Una anécdota
A don Antonio Castelló, anecdotario andante.
Ha muerto el poeta Juan Luis Panero que con sus hermanos Michi (también fallecido) y Leopoldo María, sentaron las bases del malditismo literario en este país. Los tres eran hijos de Leopoldo Panero, poeta franquista y fundador de una familia tradicional católica y adinerada que se le cayó encima como los palos de un sombrajo. Los tres tenían una férrea propensión al funambulismo alcohólico y a la autodestrucción, de la que intentaron hacer arte. Los tres vivieron y escribieron adelantándose al tiempo y los tres, cuando la pose se hizo grande, acabaron rotos como marionetas viejas. Leopoldo María, el último que queda vivo, languidece en su penúltimo manicomio, creo que en el de Mallorca.

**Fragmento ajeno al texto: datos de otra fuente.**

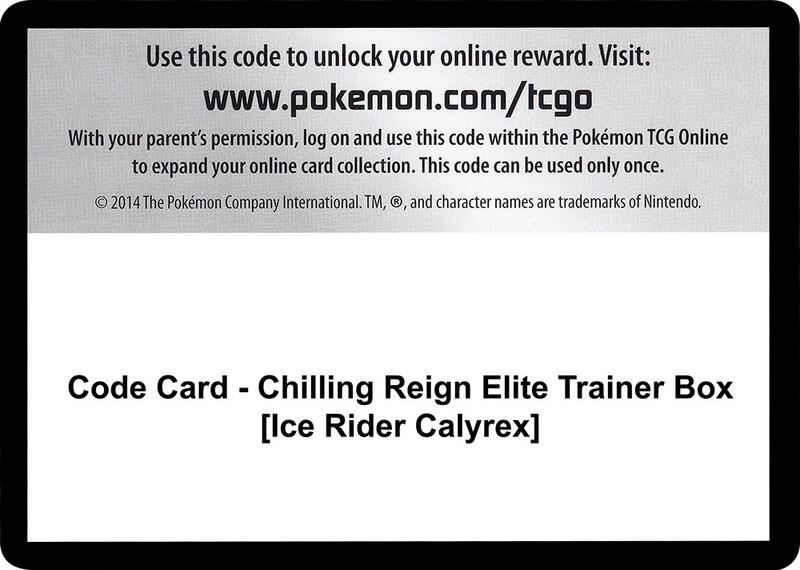 Code Card - Chilling Reign Elite Trainer Box [Ice Rider Calyrex]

Esta mañana, leyendo el obituario en un periódico (los obituarios de los muertos que me interesan, me los inyecto en vena) se mencionaba muy de pasada a nuestro gran Gil Albert. Muerto de curiosidad por saber qué tipo de relación hubieran podido tener el monstruo sagrado alcoyano y el mayor de los Panero, salí corriendo a abrir la caja de Pandora del Google y no tardé mucho en encontrar una anécdota que, aunque de poca relevancia y tirando a tonta, consideré digna de ser relatada aquí, sobre todo pensando en mi amigo Antonio Castelló, que de Gil Albert se las sabe casi todas. A sus setenta y tres años, la fundación Juan March rindió un merecido homenaje al ilustre habitante de El Salt. A él asistieron un gran número de escritores e intelectuales, entre ellos un jovencísimo Luis Antonio de Villena y Juan Luis Panero. Juan Luis conocía su debilidad por los efebos y su afición al boyeurismo y además, estaba completamente convencido de que el maestro estaba fieramente enamorado de él. Acabados los fastos y las pompas del evento, el recién finado Juan Luis quiso hacerle un regalo especial, un homenaje propio y a puerta cerrada. Luis Antonio y él, acompañaron a Gil Albert a la habitación del hotel y Juan Luis, muy pasado de copas, empezó un muy sensual estriptis, todo lo sensual y elegante que le permitía el espantoso ciego que llevaba. Luis Antonio de Villena, al parecer, se retiró discretamente muerto de estupor a una esquina mientras el insigne alcoyano dicen que miraba atónito, humedecidos los ojos por la emoción y una beatífica sonrisa de gratitud en los labios. Según el propio Panero, en agradecimiento, el maestro le dedicó su libro “Homenaje a los presocráticos”.
Pues nada, don Antonio, hasta aquí la anécdota que tengo el gran placer de regalarle para que la suelte usted cuando le plazca (de nada). Ya me contará usted el lunes, por San Lorenzo o aledaños, si la conocía y si mi descubrimiento se merece o no un cortadito en L’Autèntic. Au.